Australia wants a thriving technology sector – to get one requires access to a steady supply of good skills. At present the nation is far from self-sufficient; even Atlassian, rated recently as Australia’s best workplace, needs to bring in one in four of its employees on 457 visas.
Serial Australian Governments have attempted to tackle the issue by raising school students’ technology interest and competence; results have been patchy at best.
One of the final tasks that Christopher Pyne completed as Minister for Education and Training was to announce that the Education Council had endorsed a series of changes to the Australian curriculum. This will see the introduction of the Technologies curriculum along with the Coding across the Curriculum initiative.
The Government has stumped up $3.5 million over four years to pay for resources to support teaching Coding in schools. But is that anywhere near enough?
Wind the clock back to 2009. The then Rudd Government launched its $2.2 billion Digital Education Revolution, intended to catapault Australian schools and students into a tech-enriched future by giving the States and Territories funds to invest in technology.

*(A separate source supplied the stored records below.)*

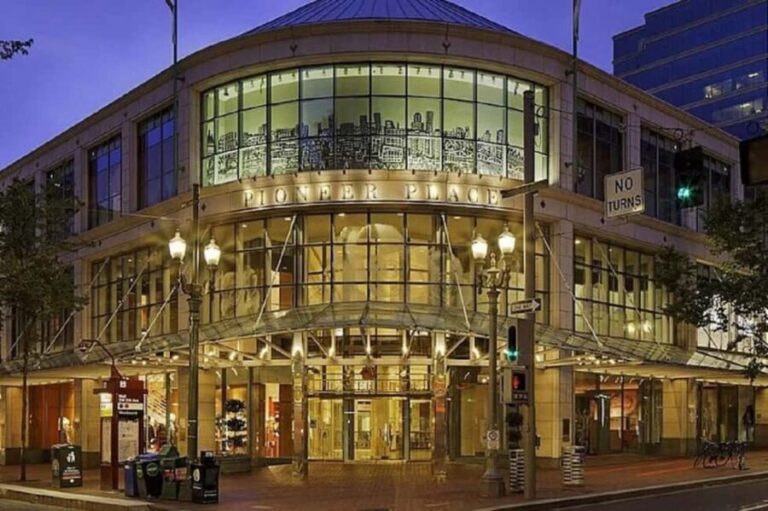 From Vancouver: Leavenworth, Portland, & Seattle 3-Day Tour - The Practical Side: Transport, Accommodation, and Value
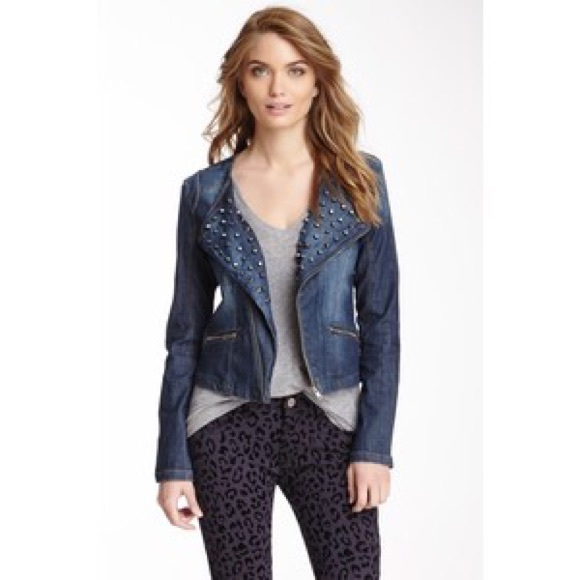 Awesome denim jacket with studs on the lapels😍.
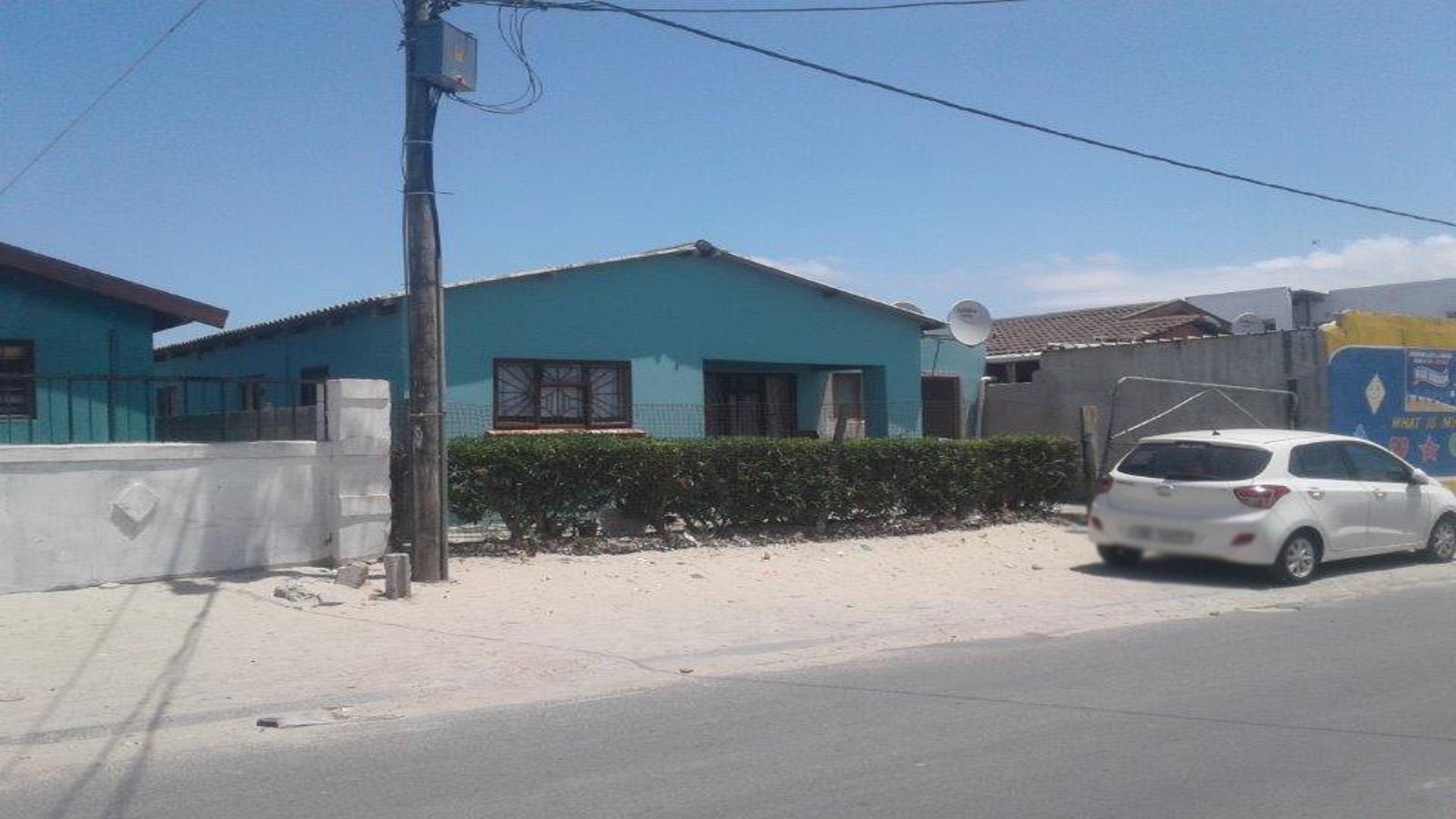 Front View of property in Mfuleni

In NSW, public high school students were given a laptop computer and allowed to keep it on graduating Year 12. My offspring were each provided a laptop; my son who leaves school this year was required to use it in a classroom setting just twice in four years.
The intent of the DER was good, but the execution was lacking.

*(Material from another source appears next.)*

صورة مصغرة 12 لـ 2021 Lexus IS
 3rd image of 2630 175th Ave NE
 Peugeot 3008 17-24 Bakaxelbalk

The intent of the Technologies and Coding across the Curriculum part of the Australian curriculum is similarly good, but there are still significant risks around the execution.
Associate Professor Katrina Falkner from the school of computer science at the University of Adelaide recently completed a research project, mapping the resources available against those required to support the new Technologies curriculum and found holes; “The most significant gaps being in pedagogy and assessment.” She is quite clear that there “Is not sufficient funding to support the implementation.”
If $2.2 billion wasn’t enough to create generations of tech literate school graduates, then $3.5 million over four years doesn’t stand a chance. It is, as Professor Falkner says; “tiny,” in terms of its ability to plug the gaps she has identified.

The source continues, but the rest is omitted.